Soyuz TMA-17 was a human spaceflight mission to the International Space Station (ISS). TMA-17 crew members participated in ISS Expedition 22 and Expedition 23. The mission ended when the Soyuz TMA-17 capsule landed on 2 June 2010.

Crew

Crew notes 
Noguchi is the first Japan Aerospace Exploration Agency (JAXA) astronaut and the second Japanese astronaut to fly on a Soyuz, after Toyohiro Akiyama.

Backup crew

Launch and docking 
Soyuz TMA-17 was launched on 20 December 2009 and transported three members of the ISS Expedition 22 crew to the station. Soyuz TMA-17 was the 104th flight of a Soyuz spacecraft. The Soyuz remained docked to the space station for the remainder of the Expedition 22 increment serving as an emergency escape vehicle.

This mission marked the first Soyuz launch in the month of December for more than 19 years.
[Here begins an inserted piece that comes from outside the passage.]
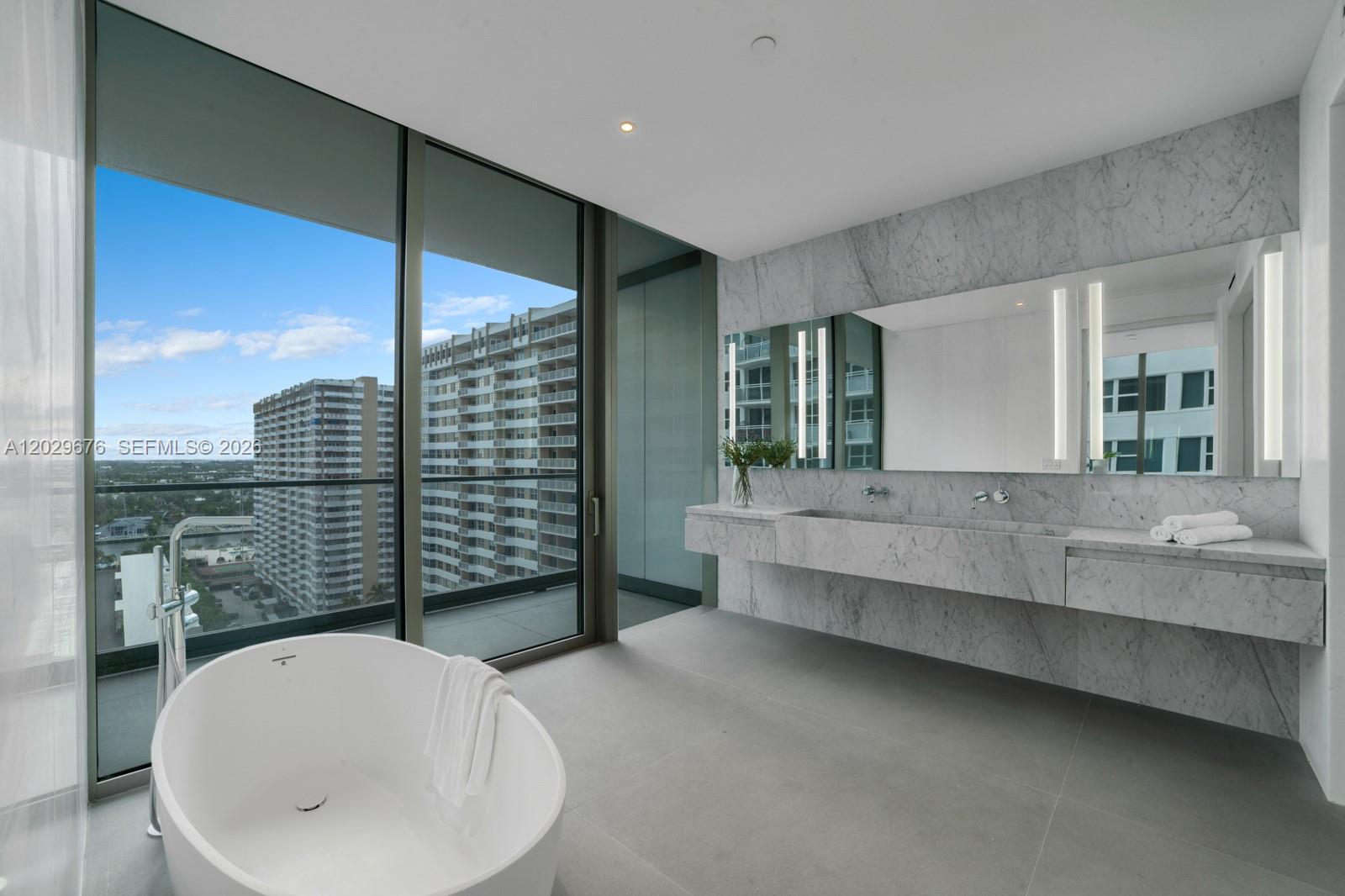 2000 S Ocean Drive 15b Property Photo 22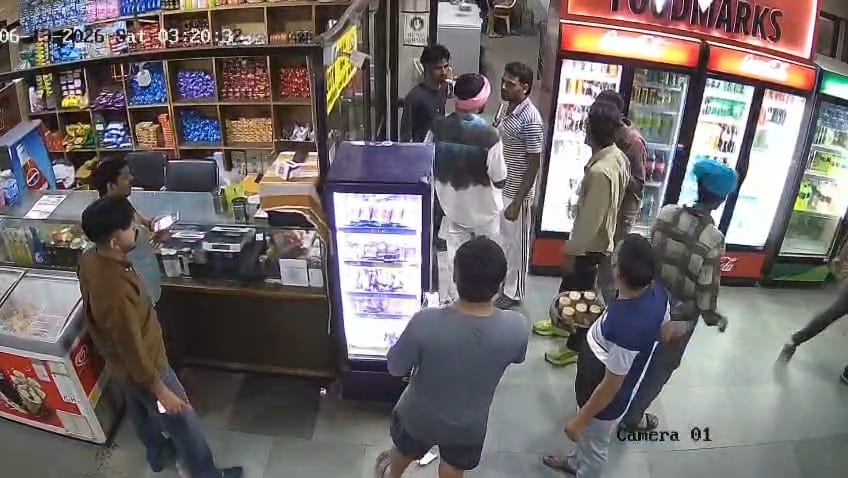 पुलिस घायल बदमाश को अस्पताल में उपचार के लिए लेकर पहुंची। संवाद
The prior Soyuz launch in the month of December was Soyuz TM-11 on 2 December 1990.

This mission also included the last planned docking of a Soyuz at the nadir, or Earth-facing, port of the Zarya module. The Rassvet module was attached to Zarya's nadir port during the STS-132 mission.

Relocation 
On 12 May 2010, the Soyuz TMA-17 spacecraft was relocated to the aft port of the Zvezda module. At 14:23 UTC, Kotov, Creamer and Noguchi temporarily undocked the spacecraft from the nadir port of Zarya and flew it to the aft port of the Zvezda service module. The docking occurred at 14:53 UTC. After hooks and latches were engaged, the crew conducted leak checks, opened hatches around 17:40 UTC and then re-entered the station through the service module.

Undocking and landing 

On 26 May 2010, the orbital altitude of the International Space Station (ISS) was lowered by 1.5 kilometers to 345 kilometers to ensure perfect conditions for the re-entry of the Soyuz TMA-17 into the Earth's atmosphere. The orbit of the ISS was adjusted using the four engines on board the Progress M-05M spacecraft.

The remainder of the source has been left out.